▶ _TASK ITEM_
Repeat the data in full. Drop every picture.

::: INFORMATION SHOWN :::

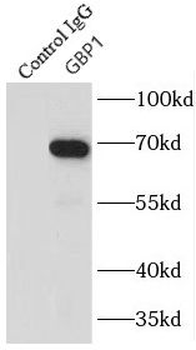 GBP1 Rabbit Polyclonal Antibody
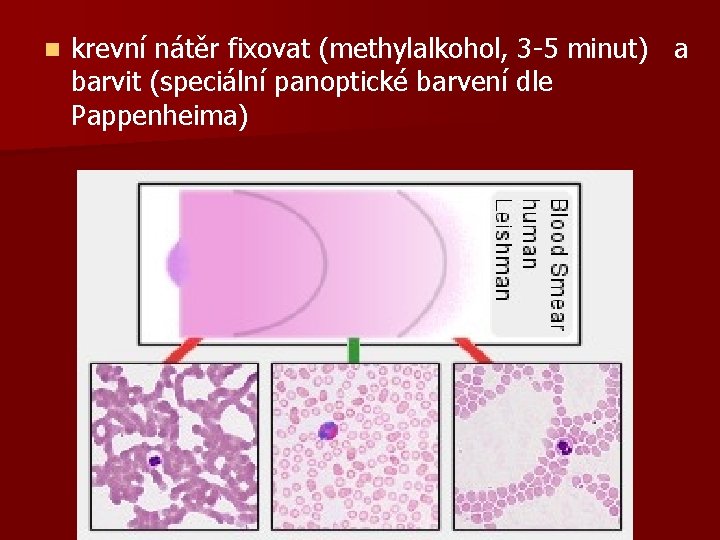 n krevní nátěr fixovat (methylalkohol, 3 -5 minut) a barvit (speciální panoptické barvení dle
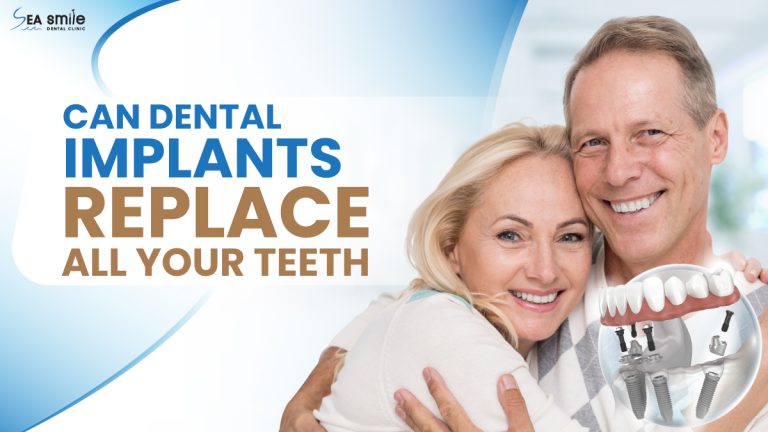 Can Dental Implants Replace All Your Teeth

:::

▶ _WRITTEN RESPONSE_
 GBP1 Rabbit Polyclonal Antibody
 n krevní nátěr fixovat (methylalkohol, 3 -5 minut) a barvit (speciální panoptické barvení dle
 Can Dental Implants Replace All Your Teeth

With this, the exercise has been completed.